### PROMPT
Would you return the data exactly as given, except for its pictures?

### RECORDS FOR THE EXERCISE

-=-=-

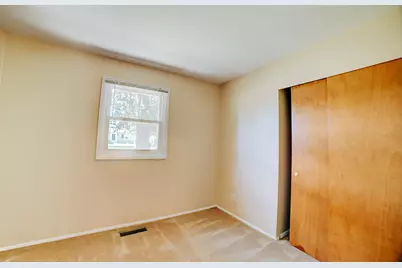 625 W Blue Street, Sheldon, IL 60966 - Photo 17
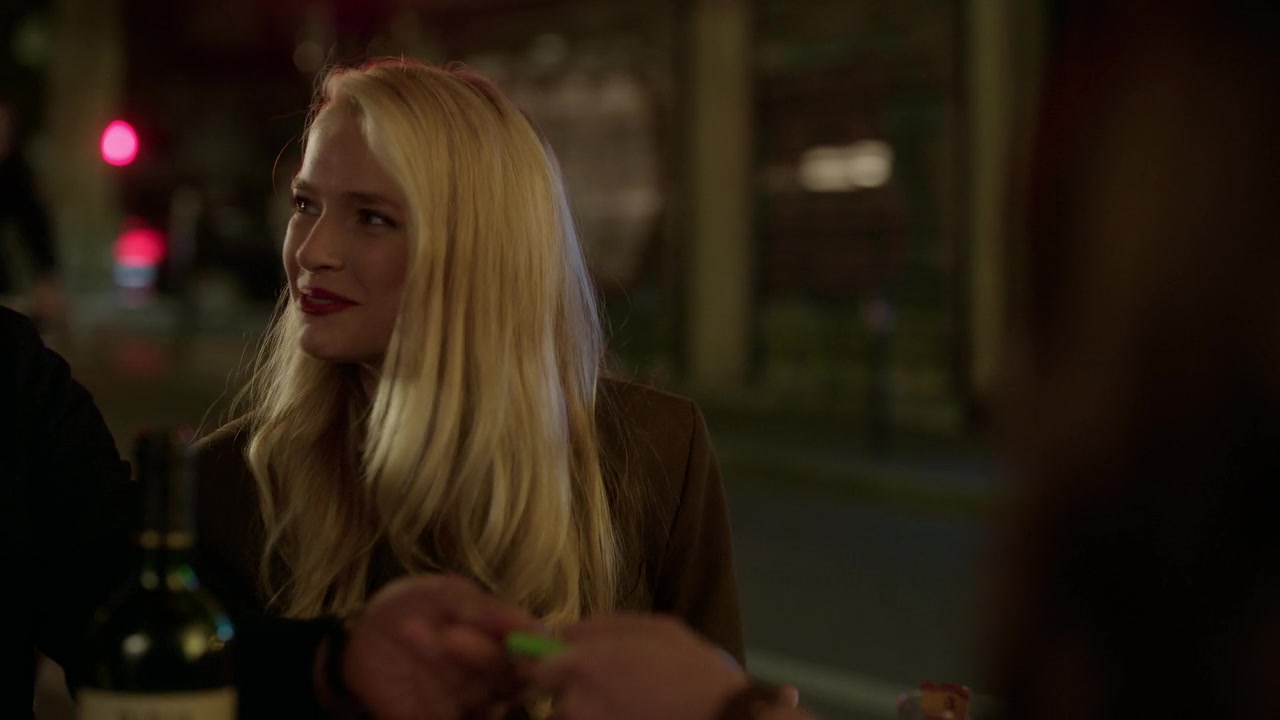 Emily_in_Paris_S01E06_Ringarde_720p_NF_WEB-DL_DDP5_1_x264-BTN_0780.jpg Emily_in_Paris_S01E06_Ringarde_720p_NF_WEB-DL_DDP5_1_x264-BTN_0780.jpg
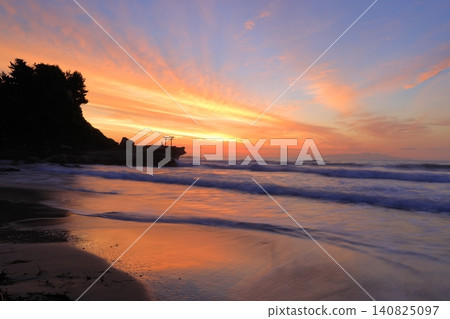伊豆白濱大濱海灘的日出 伊豆白濱大濱海灘的日出 140825097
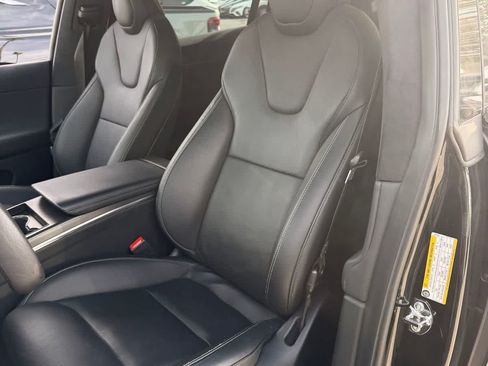 Used 2022 Tesla Model X Plaid AWD/4WD image 9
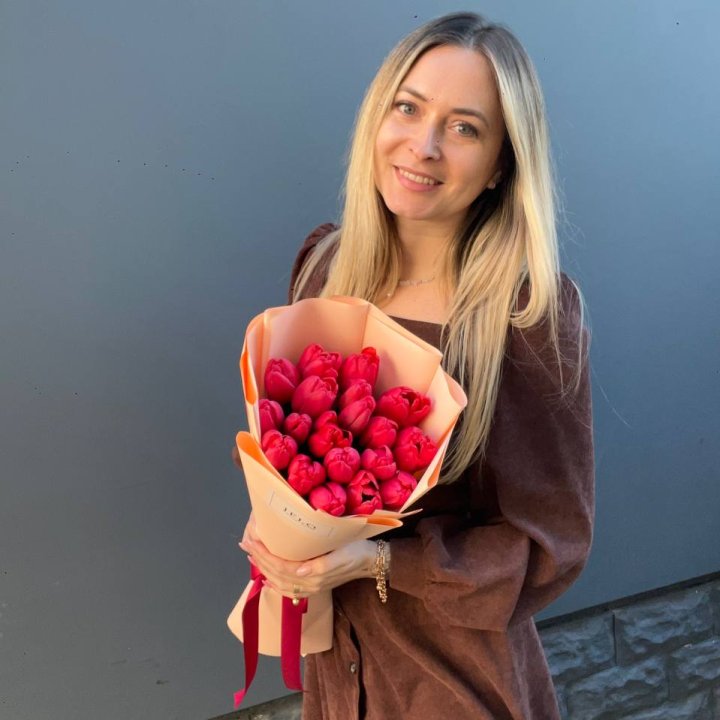  19 красных тюльпанов в Севастополи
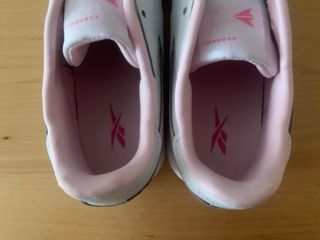 Zapatillas Reebok Classic Blancas y Rosas Talla 38
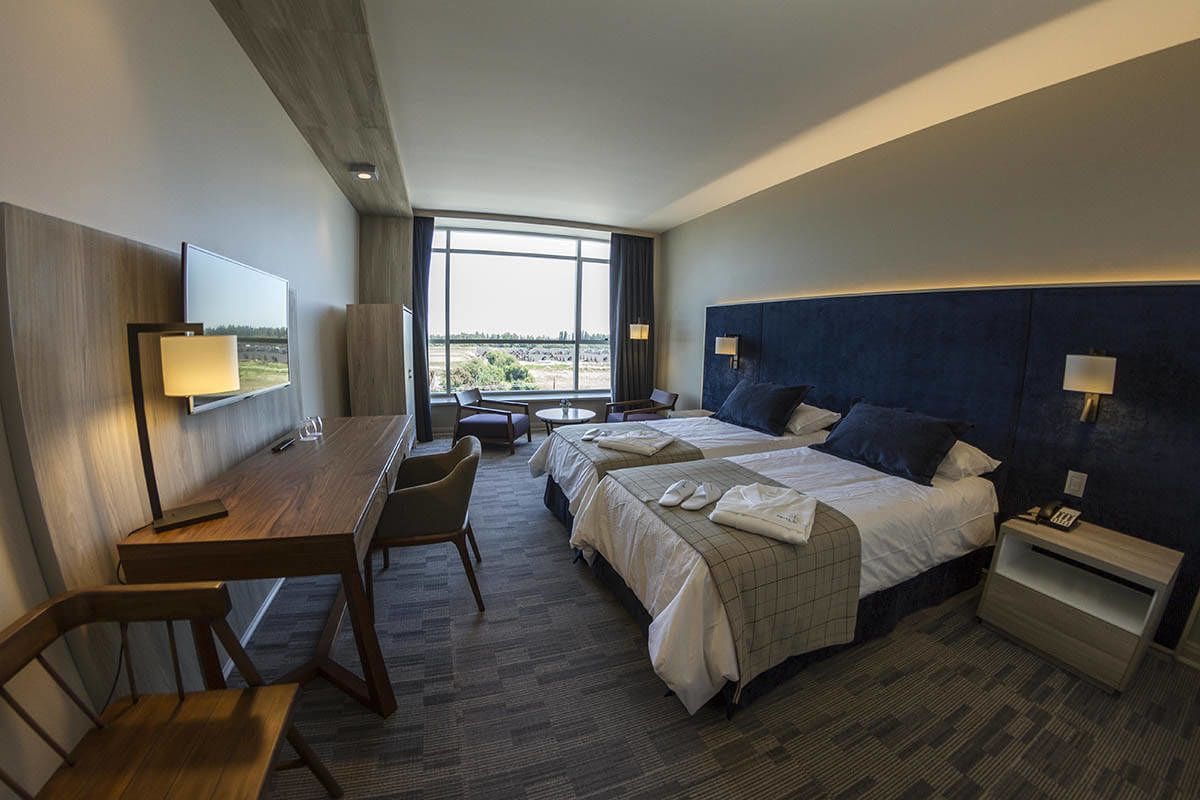 Edredones de plumas, colchones Select Comfort, minibar y caja fuerte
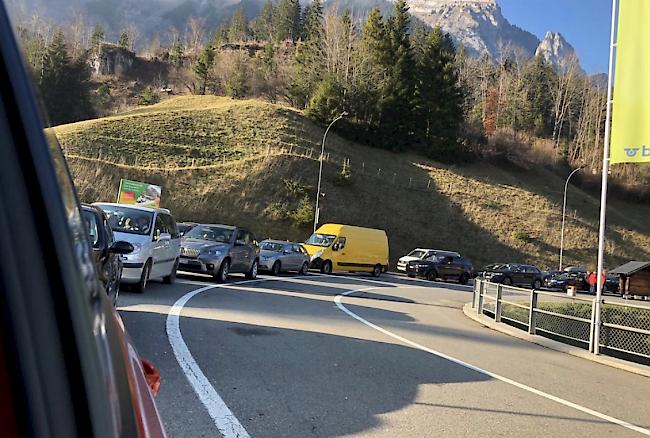 Automobilisten mussten sich nach einem Betriebsunterbruch des Autoverlads in Kandersteg und Goppenstein in Geduld üben.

-=-=-

### SOLUTION FOR THIS TASK
 625 W Blue Street, Sheldon, IL 60966 - Photo 17
 Emily_in_Paris_S01E06_Ringarde_720p_NF_WEB-DL_DDP5_1_x264-BTN_0780.jpg Emily_in_Paris_S01E06_Ringarde_720p_NF_WEB-DL_DDP5_1_x264-BTN_0780.jpg
伊豆白濱大濱海灘的日出 伊豆白濱大濱海灘的日出 140825097
 Used 2022 Tesla Model X Plaid AWD/4WD image 9
  19 красных тюльпанов в Севастополи
 Zapatillas Reebok Classic Blancas y Rosas Talla 38
 Edredones de plumas, colchones Select Comfort, minibar y caja fuerte
 Automobilisten mussten sich nach einem Betriebsunterbruch des Autoverlads in Kandersteg und Goppenstein in Geduld üben.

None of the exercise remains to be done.